A través del Evangelio y del camino de Jesús, de su propia cruz, hemos aprendido que el sentido de la vida está en el amor, en la mirada compasiva y en la acción misericordiosa; en la vida entregada en favor de la fraternidad, de la mesa compartida, del abrazo solidario. Jesús habla de ello lanzando una inquietante pregunta: ¿De qué le sirve a uno ganar el mundo entero, si pierde su vida? Y si la pierde, ¿cómo podrá recuperarla? La vida puede volverse fácil y cómoda si uno es lo suficientemente cauto y prudente, si uno sabe en qué momento es mejor callar y hacerse el desentendido. Con este tipo de actitudes, se gana mucho, no sólo paz, también bienestar económico, buenas relaciones... Pero, ¿qué sentido tiene vivir, si no se sabe ser hermano? ¿Para qué le sirve a uno, en palabras de Benedetti, reservarse del mundo un rincón tranquilo, si eso nos reduce a la pequeñez del aislamiento, si eso no salva?

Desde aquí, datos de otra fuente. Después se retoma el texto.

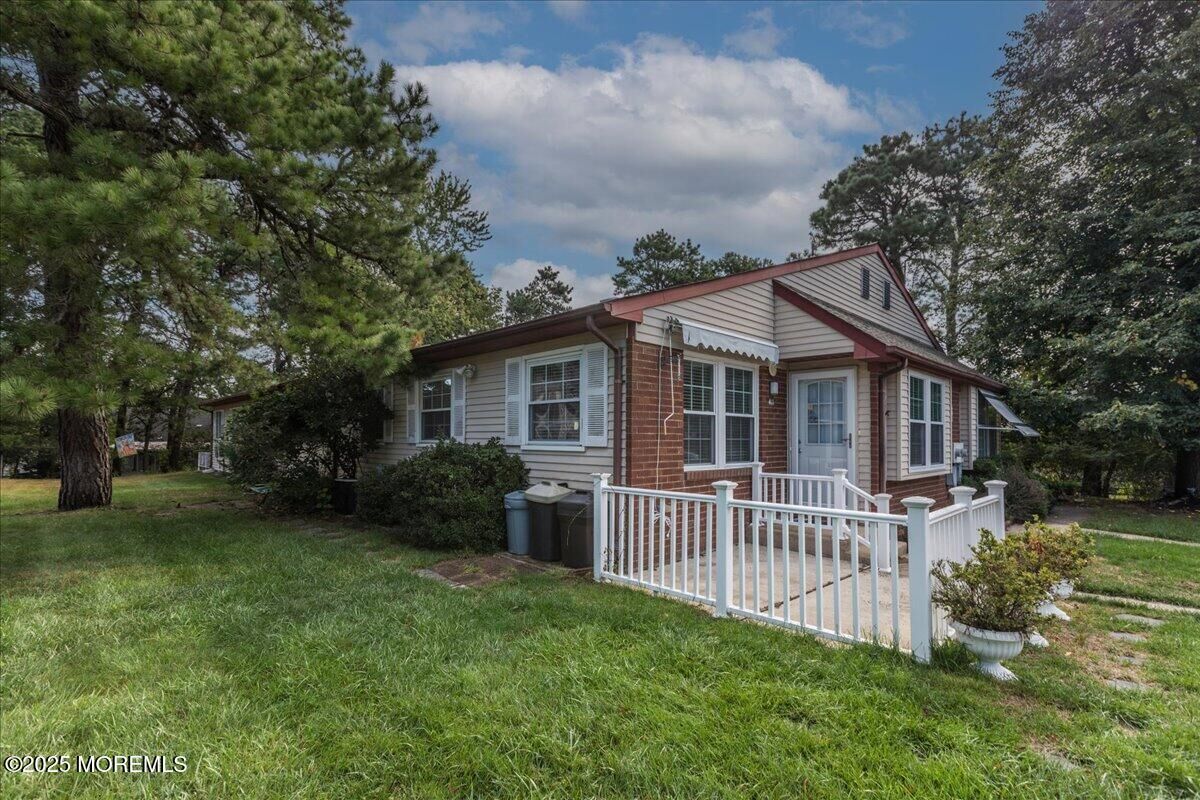 Property Photo:  41 Stonybrook Road A  NJ 08759 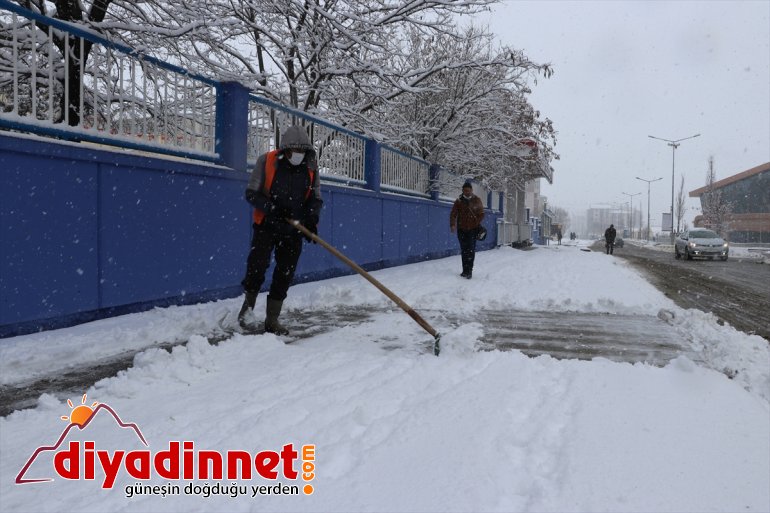 Erzurum ve Ağrı da kar yağışı etkili oldu6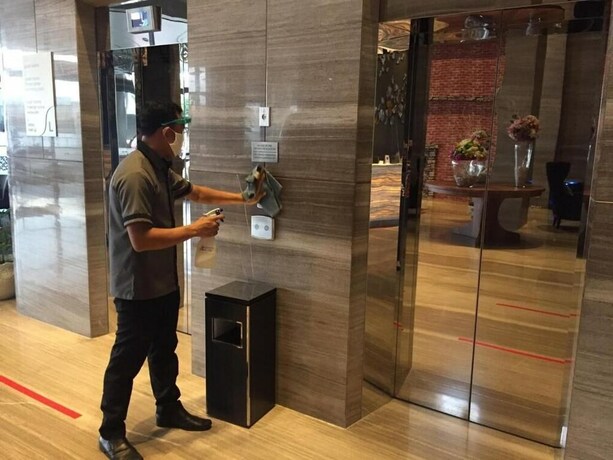 Imagen de los interiores del Hotel Zest Airport Jakarta. Foto 28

Hace algunos meses, reunido con antiguos compañeros de escuela, recibí de ellos duros cuestionamientos por dedicar mi vida al sacerdocio en vez de alguna otra actividad más lucrativa o que me reportara más renombre. Pese a que pienso y siento que respondí con dignidad, con todo volví a casa, a mi parroquia con el corazón raspado. Platiqué con mi compadre mi sentir, y su respuesta fue besar mis manos y preguntar en voz alta: "¿con quién más hacemos esto?" El gesto no fue sólo para mí, ni siquiera para mí en primer lugar. Es, creo yo, para el amor de Dios encarnado en Jesús, en el ser humano; es para la mano que se extiende para bendecir y para perdonar, para el amor que hace posible dejar dinero, placer y comodidad a cambio de abrir surcos en el corazón del hombre y la mujer y en ellos depositar, con respeto y esperanza, la simiente de vida, la Palabra y la gracia de Dios. No es un servicio lucrativo, pero es un servicio generoso revestido de humildad.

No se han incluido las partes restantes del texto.